Mas participar de uma corrida como o Rally dos Sertões, mesmo a passeio, exige condições especiais. Primeiro, é claro, os competidores-aventureiros precisam ter o perfil de quem curte um estilo de vida moderno, dinâmico, que aproveita as benesses da tecnologia, como os veículos 4x4 e outros equipamentos de apoio, mas curtem e respeitam a natureza, especialmente pródiga no roteiro do Sertões.

Por ser disputado no mês de julho, participar do Rally dos Sertões na categoria Expedition é uma opção de curtir férias radicais, junto com toda a família. Afinal, basta ter um veículo, 4x4 ou 4x2, equipado com os acessórios básicos de segurança e ter noções básicas de condução off-road para participar dessa aventura inesquecível.

O advogado aventureiro Arnaldo Tibyriçá, de 42 anos, fez parte, junto com o filho André, de 14 anos, do comboio de cinco veículos 4x4 e uma moto que acompanhou o Rally dos Sertões do ano passado nessa categoria. Motoqueiros inveterados, amantes da natureza e ávidos por emoções, a dupla participou com uma picape Mitsubishi L200, levando uma moto na caçamba. “Foram as melhores férias que passamos juntos”, exulta o advogado. “Curtimos a picape, a moto, o roteiro e o rally”, acrescenta.

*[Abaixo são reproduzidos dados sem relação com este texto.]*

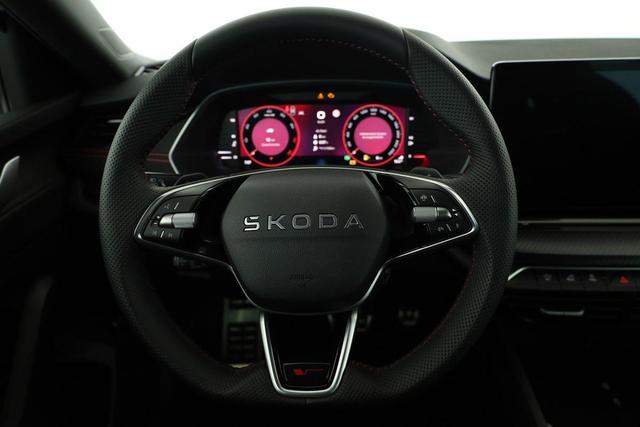 Skoda Octavia Combi 2.0 TSI 195 kW RS DSG, Standheizung, AHK, Navi, Matrix, Side, Winter, 5 J.-Garantie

Composto por duas picapes Mitsubishi L200, um jipe Troller T4, um Land Rover Defender, um jipe Toyota e uma moto Husqvarna, acompanhados todo o tempo por dois veículos uma L200 e um Troller da organização, especialmente designados para apoiar o grupo, o comboio percorreu as mesmas trilhas das outras categorias, mas tinha liberdade para optar, em alguns trechos, por caminhos alternativos. Arnaldo, embora experiente no off-road com moto, não tinha experiência em 4x4 e ousou estrear sua L200 novinha em folha na aventura. “Experiência em 4x4 é importante, mas não indispensável. Basta ter bom senso e estar equipado com o mínimo necessário”, explica.

Para o veículo, a organização exige apenas os equipamentos básicos de segurança, originais de todos os veículos. Para as pessoas, só um seguro saúde. Nada de capacete, macacão ou acessórios caros. “Veículo com tração 4x4 não é obrigatório na teoria, mas na prática é muito importante”, recorda Arnaldo, acrescentando sua lista pessoal de viagem: GPS “apenas por precaução, mas importante se você quiser sair do roteiro da prova”; 30 litros de água potável; alimentos não perecíveis, roupas leves, confortáveis e versáteis; um par de tênis; um par de botas do tipo Timberland; um par de sandálias havaianas; chapéu, protetor solar e, é claro, máquina fotográfica. “Além disso, é muito importante abastecer em postos de combustível com bandeiras confiáveis, como Ipiranga, para evitar problemas, como o que enfrentamos no Maranhão, abastecendo o carro com combustível adulterado”, avisa.

A organização oferece vários pacotes para os participantes da categoria Expedition. Os Tibyriçá optaram por um pacote que incluía, além do apoio total dos dois veículos e quatro pessoas experientes, a disponibilidade de socorro médico, infra estrutura de hospedagem em hotéis e pousadas, e retorno aéreo para a dupla, e de carreta para a picape. Tanto pai quanto filho elegeram o deserto do Jalapão, no Tocantins, e a serra da Canastra, em Minas Gerais, como os melhores trechos do roteiro. “Os lugares mais remotos são os mais bonitos. Tudo correu com perfeição, e por isso pretendemos repetir essa aventura”, finaliza Arnaldo, um feliz advogado-aventureiro.